Analyzing Memory Fragmentation in LLM Serving
Data Pipelines, Monitoring & Reliability DS practice problem on Onlearn.
Difficulty: easy.
Topics: Analyzing Memory Fragmentation in LLM Serving, PagedAttention, External Fragmentation, Memory Compaction, Throughput Bottleneck Analysis, Tensor Parallelism Overhead, Distributed Systems, Memory Management, Performance Engineering, LLM Inference Optimization, System Observability, Dynamic Memory Allocation, KV Cache Management, Resource Scheduling, Latency Profiling, Concurrency Control.
When serving large language models, the key value (KV) cache for each request is allocated in fixed size memory blocks. As requests arrive and complete at different times, blocks are allocated and freed throughout the memory pool, creating a pattern of occupied and free regions. Over time, free blocks can become scattered across the pool rather than forming a single contiguous region this is memory fragmentation. Fragmentation is problematic because even if there are enough total free blocks to serve a new request, those blocks may be too scattered to allocate efficiently. Understanding fragmentation metrics helps system designers decide when to trigger compaction or adjust scheduling strategies.

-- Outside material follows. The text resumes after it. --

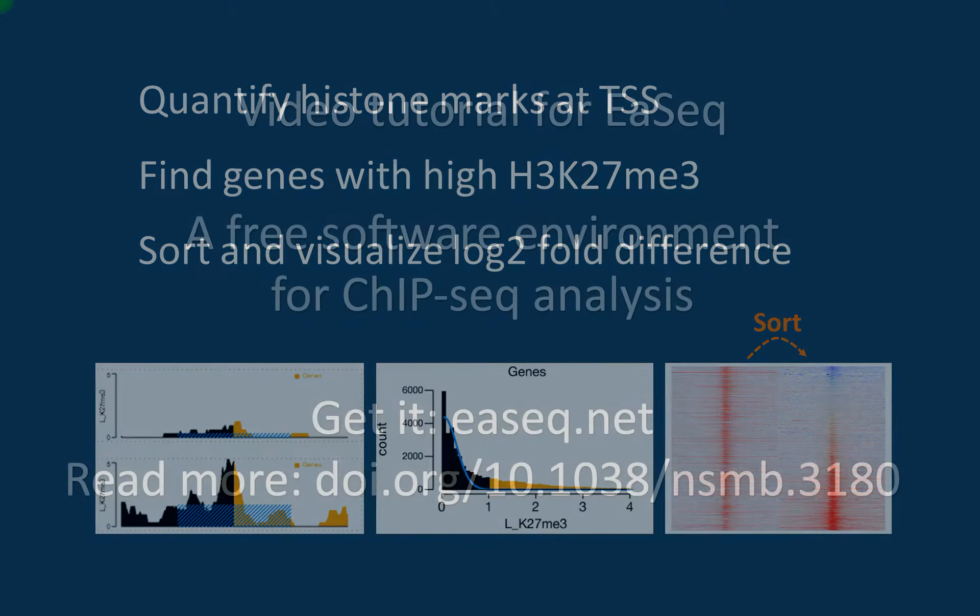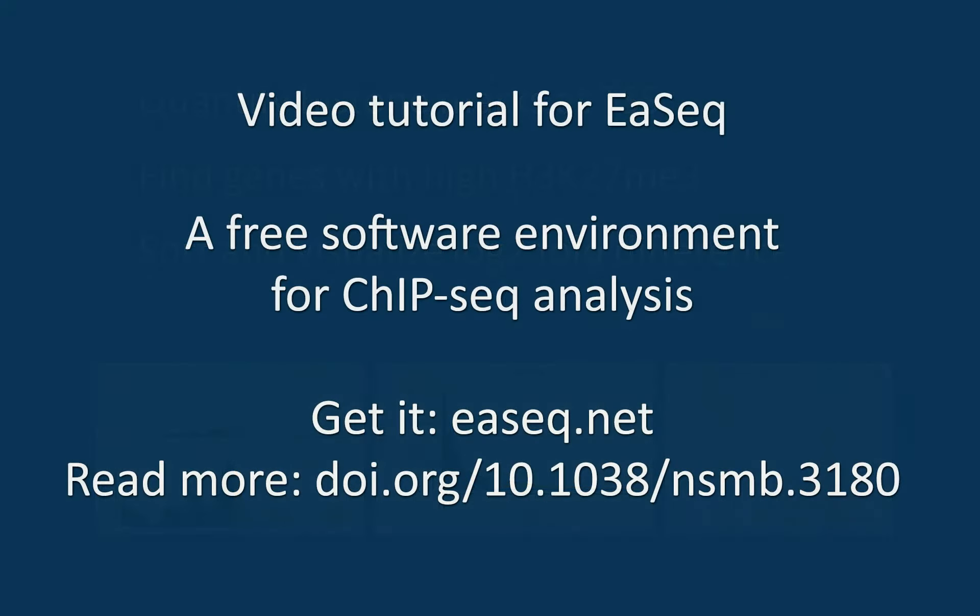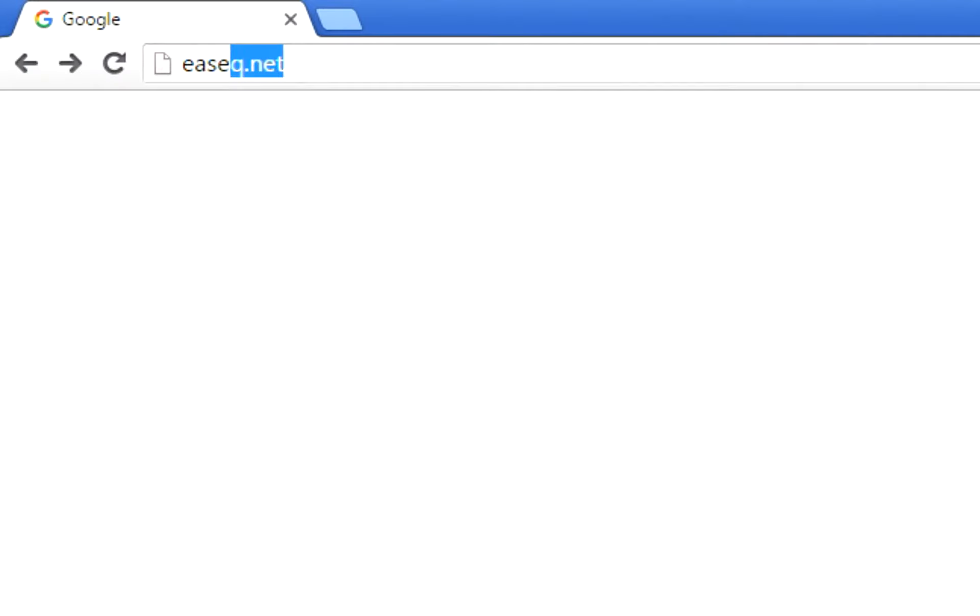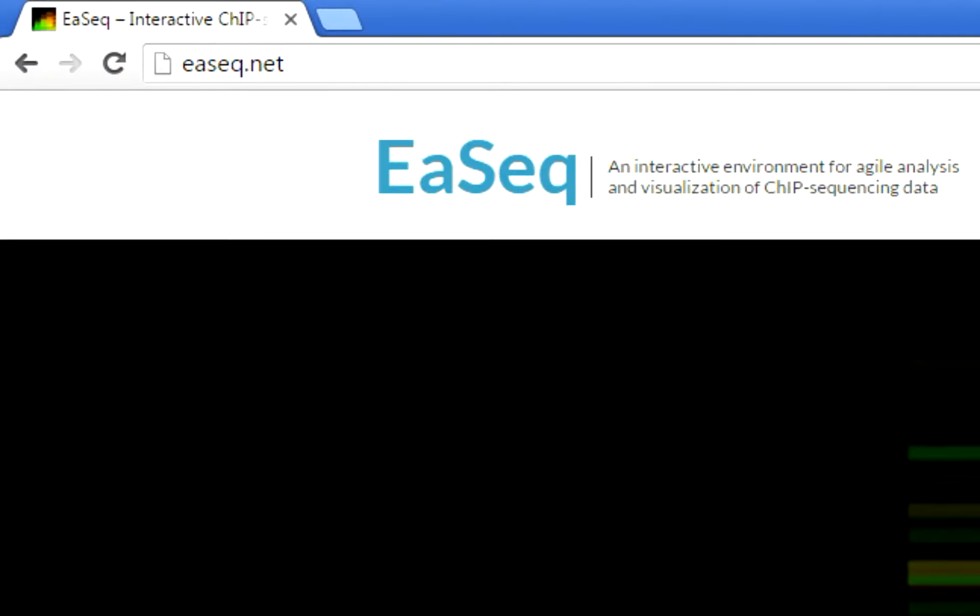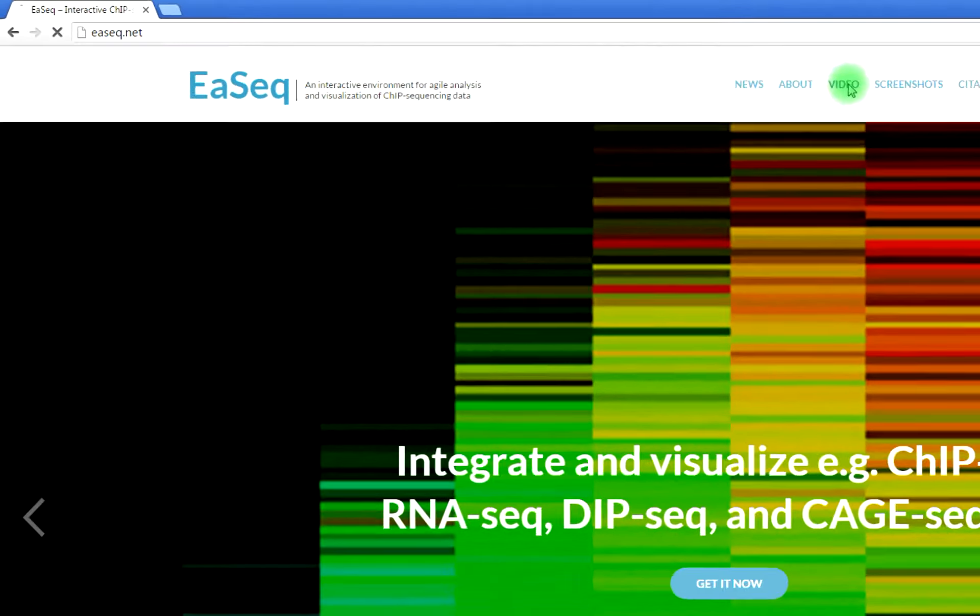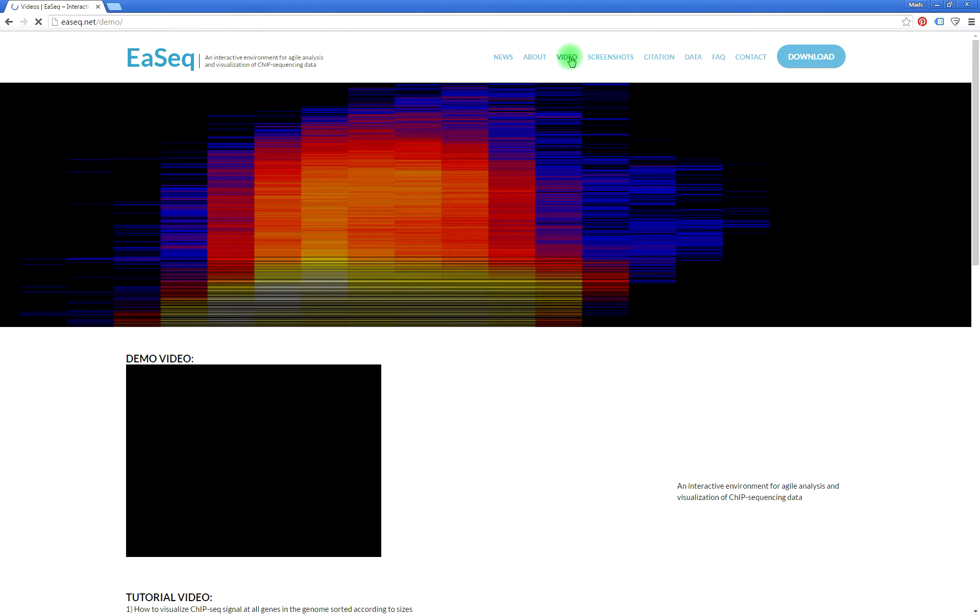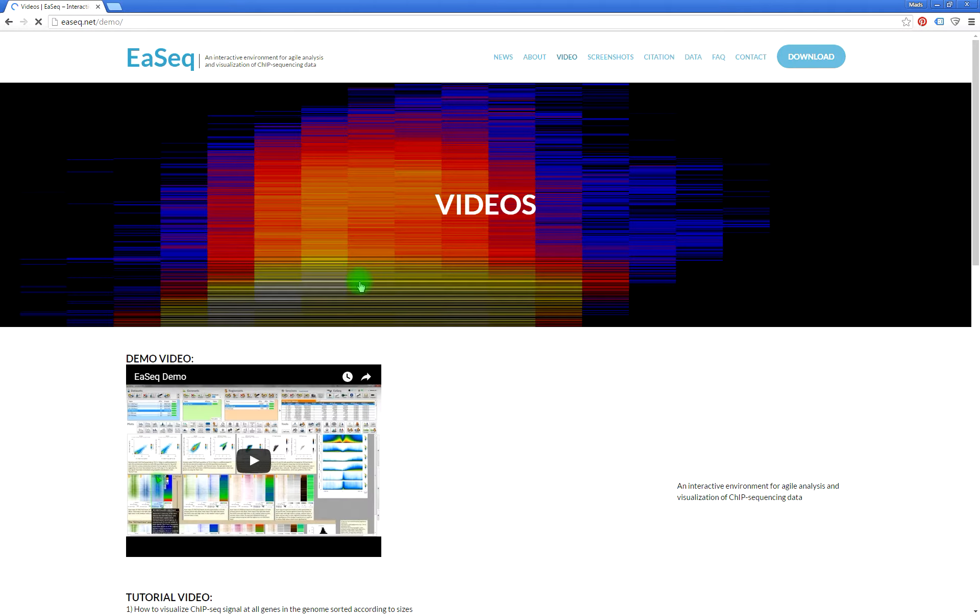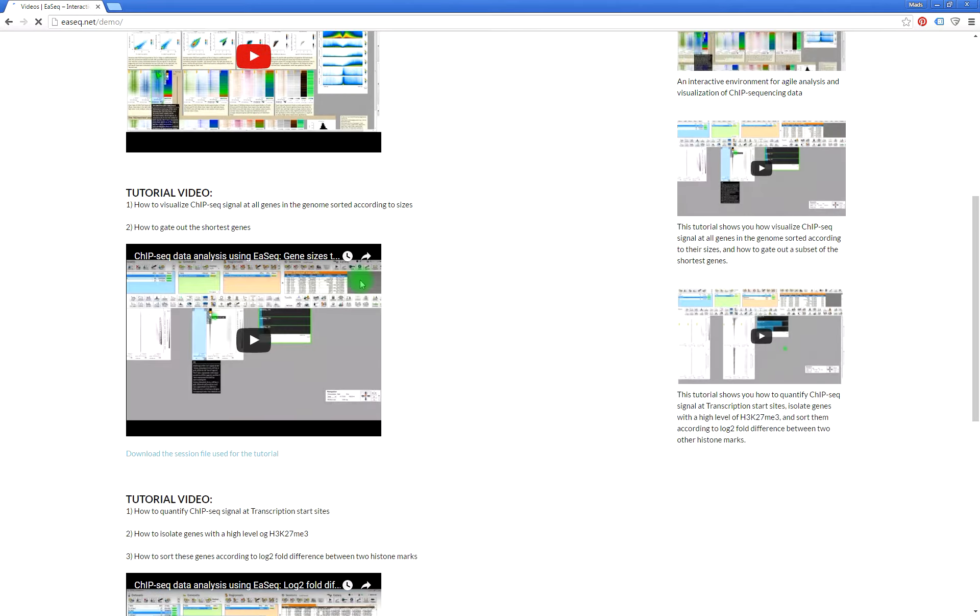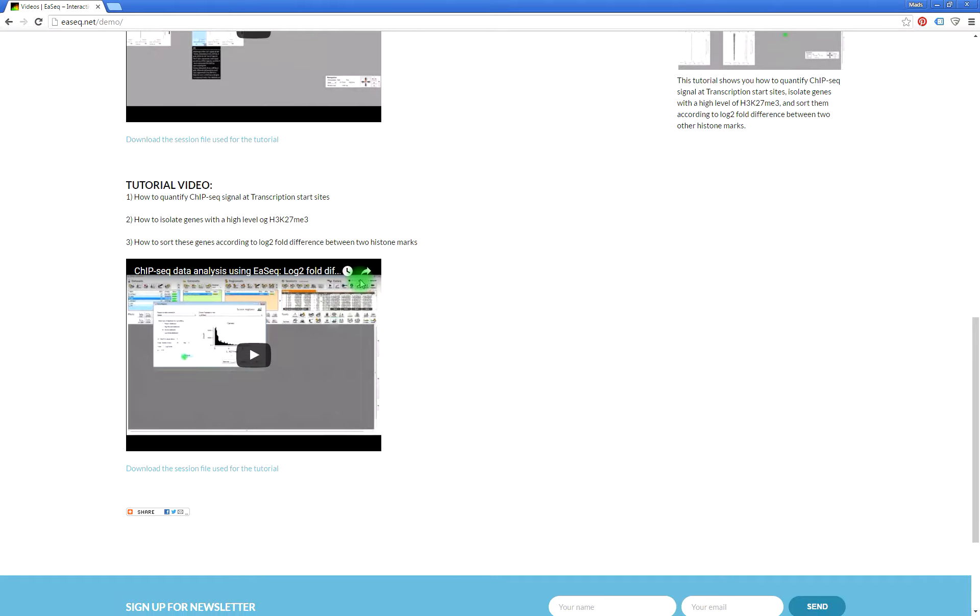So first you will need some data. The data for this tutorial can be found at ESEC.net under videos. There is a session file associated to the link to this video.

Given a memory pool represented as a list of block statuses (1 = allocated, 0 = free), write a function that computes four key metrics: utilization : the fraction of blocks that are currently allocated num free fragments : the number of contiguous groups of free blocks largest free fragment : the size (in blocks) of the largest contiguous free region fragmentation ratio : a value between 0 and 1 measuring how scattered the free memory is. When all free blocks are in one contiguous region, fragmentation is 0. When free blocks are maximally scattered, fragmentation approaches 1. If there are no free blocks, the fragmentation ratio is 0.0. Return all values in a dictionary. Round float values to 4 decimal places.